_Data shown_
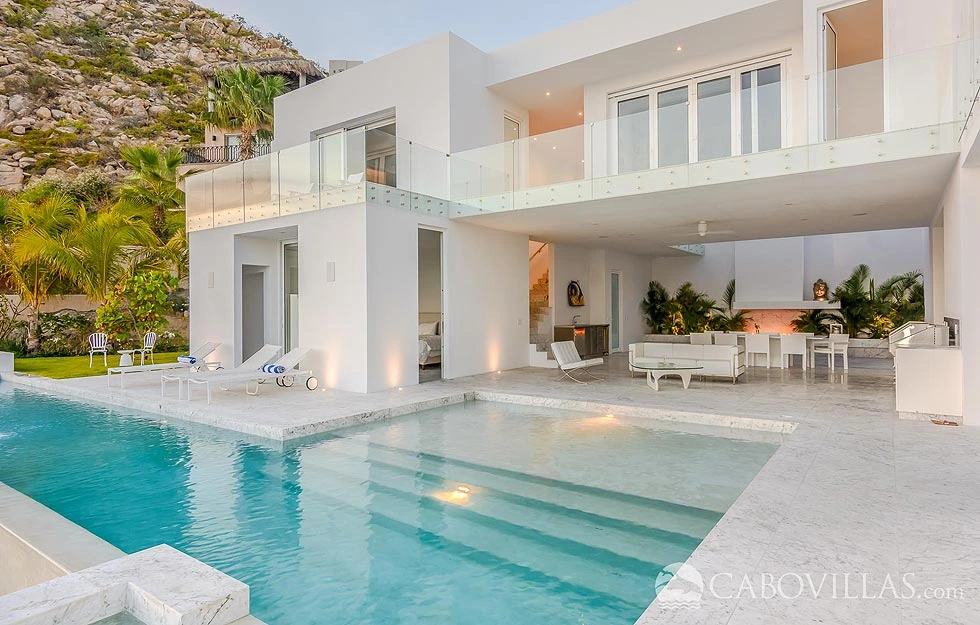 Luxury Vacation Rental Villa Besame in Cabo San Lucas Mexico	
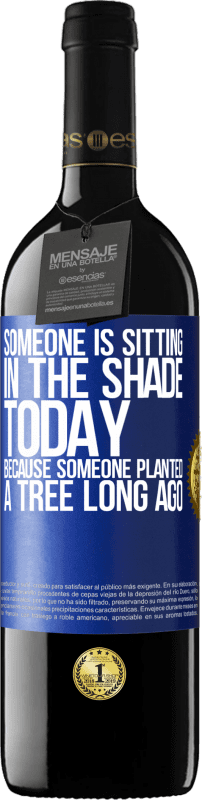 39,95 € 送料無料 | 赤ワイン REDエディション MBE 予約する 誰かがずっと前に木を植えたので、誰かが今日日陰に座っています 青いタグ. カスタマイズ可能なラベル 予約する 12 月 収穫 2014 Tempranillo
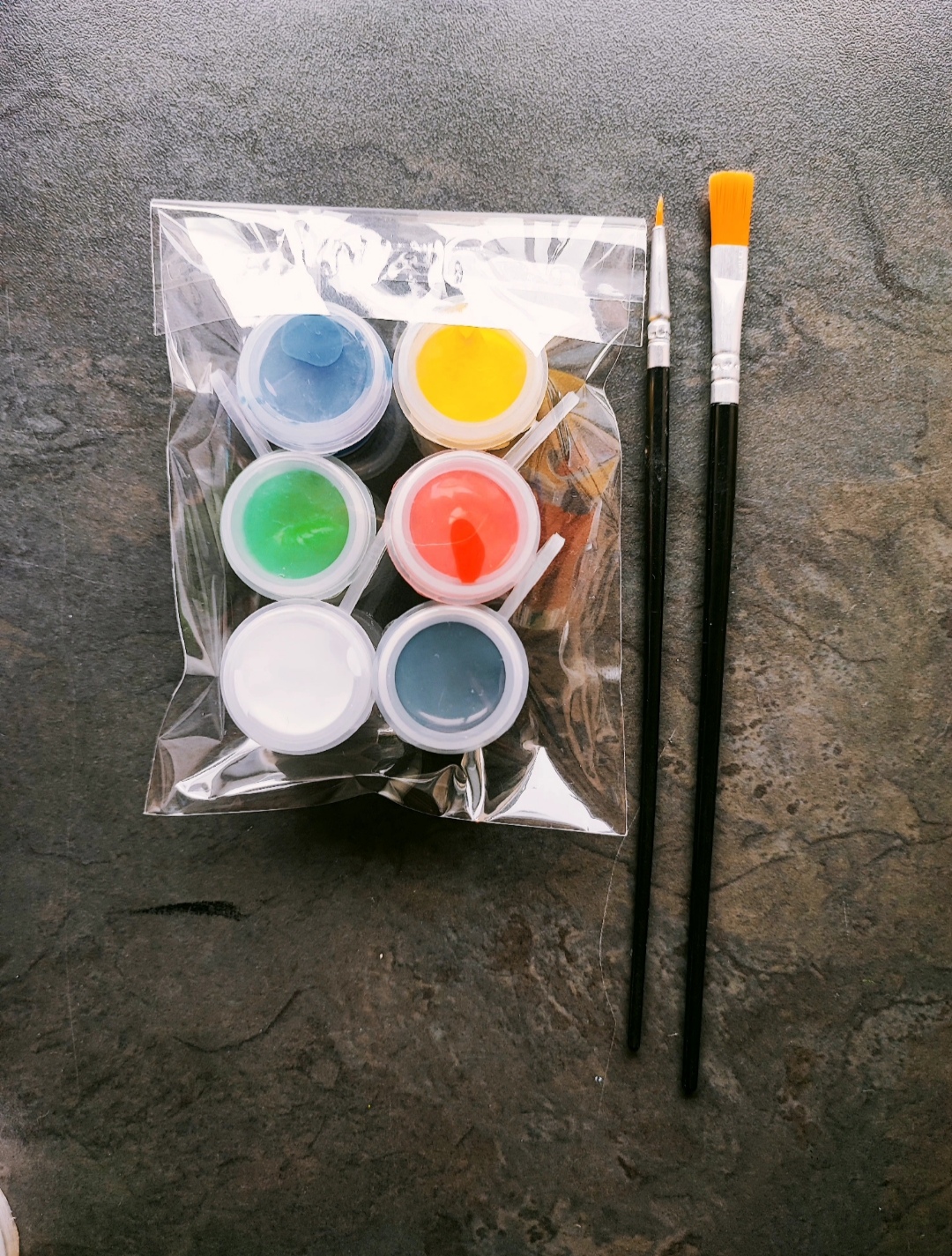 Acrylic paint set with brushes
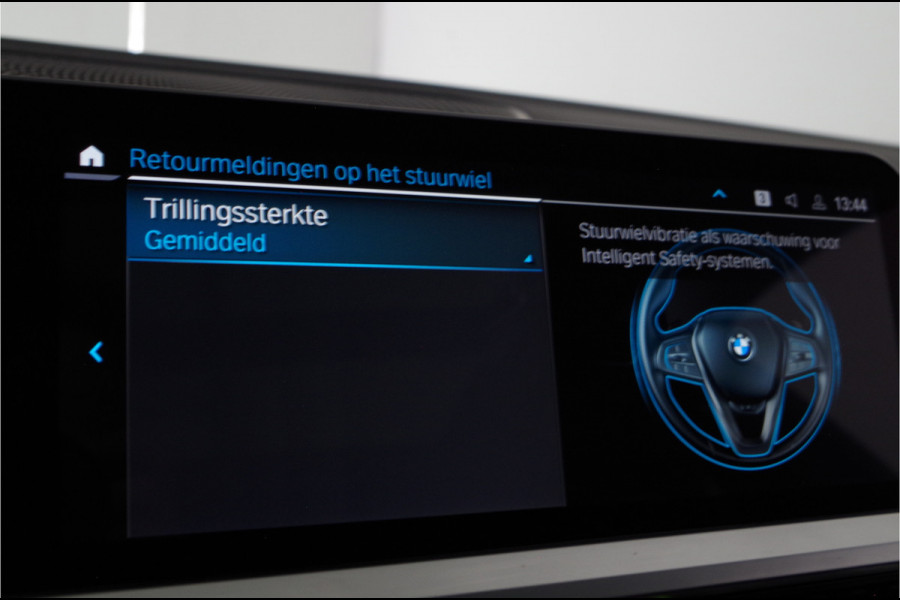 BMW 3 Serie Touring 330e M Sport Pano.schuif/Laser LED/Adaptive ophanging/Memory/Head-up/Portimo Blue...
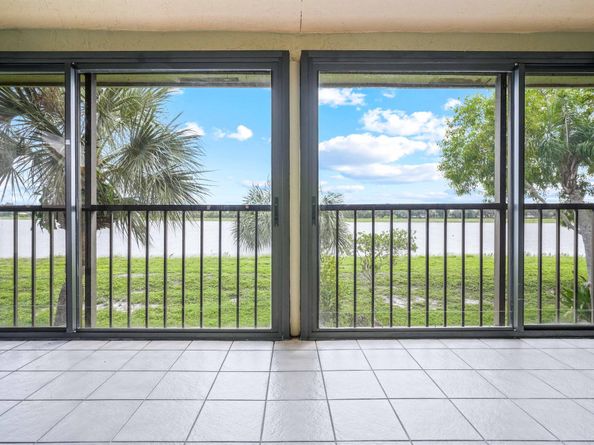 10910 Lakemore Lane 201, Boca Raton FL 33498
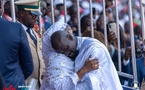 Guinée : Une accolade qui dépasse le protocole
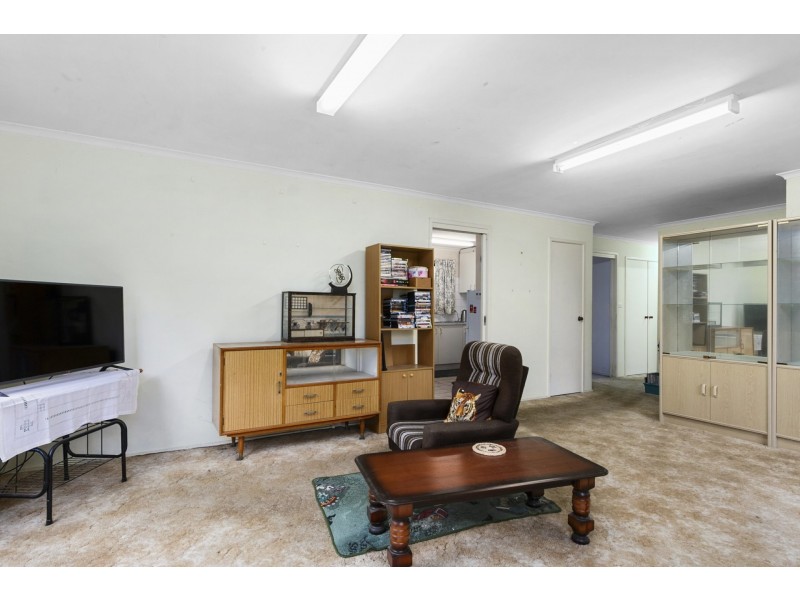 12 Frys Track, Newborough VIC 3825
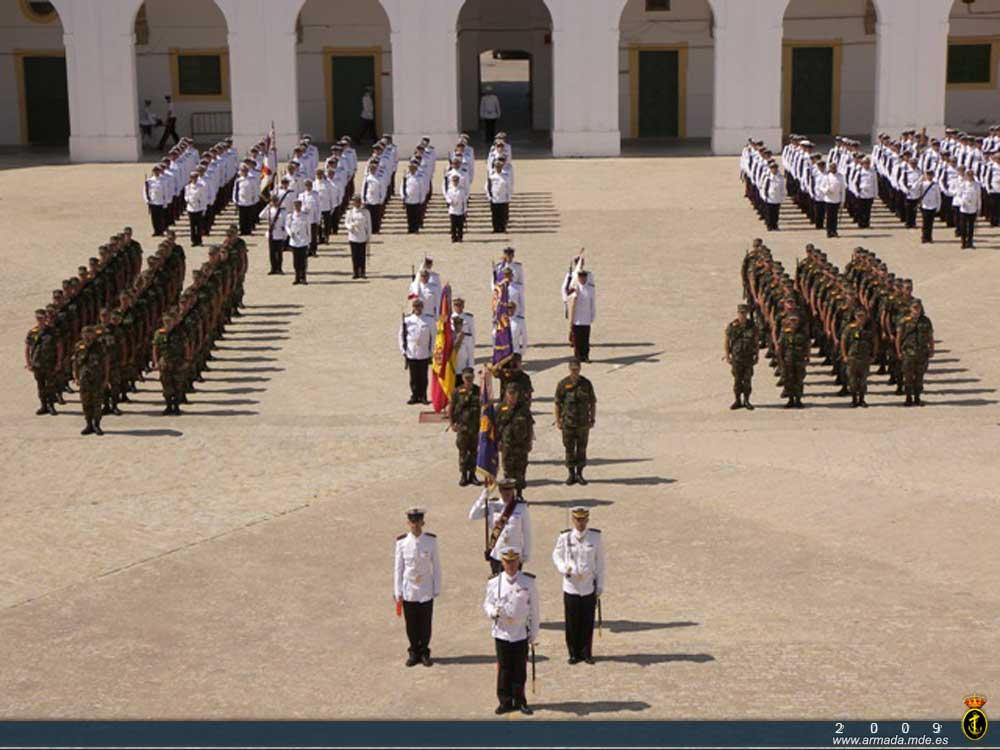Formación en la plaza de armas del Cuartel del Tercio de Armada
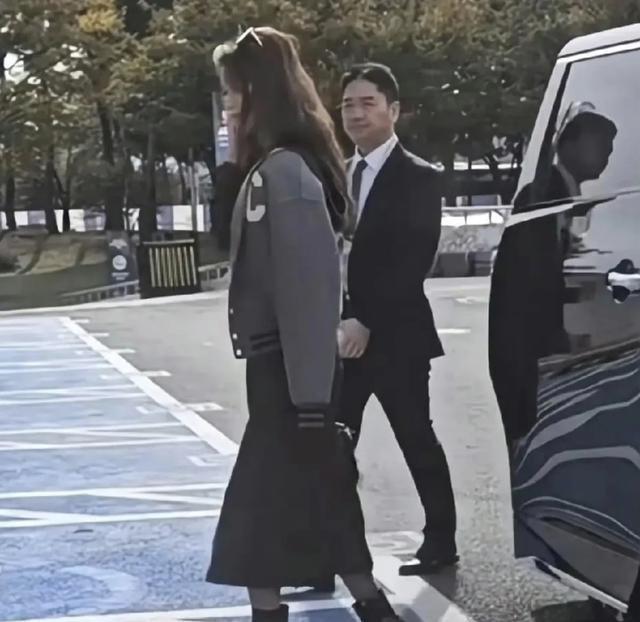 这次，章泽天终于不再顾忌所谓的体面，没给刘强东留“一丝体面”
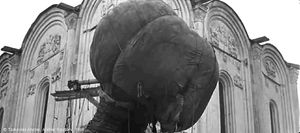 Photogramme - Mongolfière 1 : Andreï Roublev, Plan 1.  L'étrange montgolfière fabriquée à partir de diverses peaux de bêtes.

_Required action_
Return the lines from the one that contains "10910 Lakemore Lane 201, Boca Raton FL 33498" through the final line of the listing above, inclusive. Transcribe them exactly and drop the pictures.

_Response to this task_
 10910 Lakemore Lane 201, Boca Raton FL 33498
 Guinée : Une accolade qui dépasse le protocole
 12 Frys Track, Newborough VIC 3825
Formación en la plaza de armas del Cuartel del Tercio de Armada
 这次，章泽天终于不再顾忌所谓的体面，没给刘强东留“一丝体面”
 Photogramme - Mongolfière 1 : Andreï Roublev, Plan 1.  L'étrange montgolfière fabriquée à partir de diverses peaux de bêtes.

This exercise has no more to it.